Many designers choose to export data from Excel into Adobe Illustrator’s charting tool. A few months ago, we found ourselves scratching our heads over a request that we received. The internal client had lots and lots of data on personal income and wanted to show this data as a scatter plot graphic, divided into quintiles. They had already created a basic version of this graphic in Excel, but needed the designers to redesign it to make it easier to understand and to add the visual polish and presentation for which design software is better suited.
Goals, approach and tools
We took a look and determined that our biggest task was simply learning how to create a scatterplot graphic that could handle the large volume of data the original Excel file contained–1,043 rows of data.

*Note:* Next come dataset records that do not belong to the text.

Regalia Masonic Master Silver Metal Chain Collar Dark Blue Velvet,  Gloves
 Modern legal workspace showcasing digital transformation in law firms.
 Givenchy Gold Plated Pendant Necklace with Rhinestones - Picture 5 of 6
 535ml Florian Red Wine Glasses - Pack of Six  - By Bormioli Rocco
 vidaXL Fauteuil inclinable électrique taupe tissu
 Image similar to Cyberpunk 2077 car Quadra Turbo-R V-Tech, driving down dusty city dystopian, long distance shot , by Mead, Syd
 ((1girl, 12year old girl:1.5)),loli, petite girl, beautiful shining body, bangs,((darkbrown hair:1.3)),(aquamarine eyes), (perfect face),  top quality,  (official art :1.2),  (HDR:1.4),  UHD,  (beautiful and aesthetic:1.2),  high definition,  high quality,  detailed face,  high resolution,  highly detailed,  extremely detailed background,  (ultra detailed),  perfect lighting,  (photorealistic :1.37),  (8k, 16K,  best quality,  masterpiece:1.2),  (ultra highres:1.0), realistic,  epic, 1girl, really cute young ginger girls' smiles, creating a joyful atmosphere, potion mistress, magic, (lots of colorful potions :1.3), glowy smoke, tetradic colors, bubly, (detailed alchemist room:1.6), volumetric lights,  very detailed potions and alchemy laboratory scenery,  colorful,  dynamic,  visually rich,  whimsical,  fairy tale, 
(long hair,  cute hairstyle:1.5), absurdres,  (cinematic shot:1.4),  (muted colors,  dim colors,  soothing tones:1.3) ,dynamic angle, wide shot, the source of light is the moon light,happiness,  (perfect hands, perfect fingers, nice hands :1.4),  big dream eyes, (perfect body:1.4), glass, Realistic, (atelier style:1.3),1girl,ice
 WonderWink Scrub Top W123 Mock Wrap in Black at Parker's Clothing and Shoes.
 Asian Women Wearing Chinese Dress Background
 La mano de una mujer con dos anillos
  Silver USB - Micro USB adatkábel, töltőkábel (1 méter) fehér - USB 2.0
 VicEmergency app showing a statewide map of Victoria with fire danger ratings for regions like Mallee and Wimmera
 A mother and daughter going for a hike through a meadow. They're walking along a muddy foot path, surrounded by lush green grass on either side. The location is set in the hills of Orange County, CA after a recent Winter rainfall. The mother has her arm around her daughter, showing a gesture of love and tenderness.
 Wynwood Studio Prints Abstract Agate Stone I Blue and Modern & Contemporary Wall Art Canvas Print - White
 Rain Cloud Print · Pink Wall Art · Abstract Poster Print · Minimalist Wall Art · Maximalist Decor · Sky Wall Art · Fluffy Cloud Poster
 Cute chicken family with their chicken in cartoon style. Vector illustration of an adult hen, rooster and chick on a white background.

Our goal: Show intensity and data patterns across five categories (quintiles). Keep the data “live” in order to be able to quickly update the graphic with new data.
Our approach: Use Illustrator’s scatter plot tool to graph the data. Customize the graph to create a heat map in order to show intensity/concentration of data.
Our tools: Adobe Illustrator’s graph creation tool and Illustrator’s transparency settings to create a heat map
An explanation of the final product: a heat map produced using Illustrator’s scatter plot graph tool
Take a look at the graph below. I recreated something similar to that which my team designed (update: because we haven’t yet published the data, this graph shows widgets instead of the subject matter of the original graphic). This hypothetical graph shows costs of production (money) spread out across four categories (quartiles)–a bottom quartile, a second quartile, a third quartile and the top (fourth) quartile. The darker the color (the heat map effect) the greater the intensity of those data. In other words, where the color is darkest represents a large number of widgets that with that cost of production. Where it is lightest represents a smaller number of widgets with that cost of production.
Needless to say, we learned a lot about Illustrator’s scatter plot capabilities in six hours.
What you need to know before you begin this tutorial
Before I begin, I’m assuming a basic level of understanding with Illustrator (we were using CS5, but I believe all CS levels should work for this example) and its graph creation tool. If you’re not, search for Illustrator graphs and you’ll find plenty of tutorials. Better yet, FlowingData has a good basic tutorial on Illustrator graphs here. And so does Adobe. If you’re a designer, you probably already know the basics.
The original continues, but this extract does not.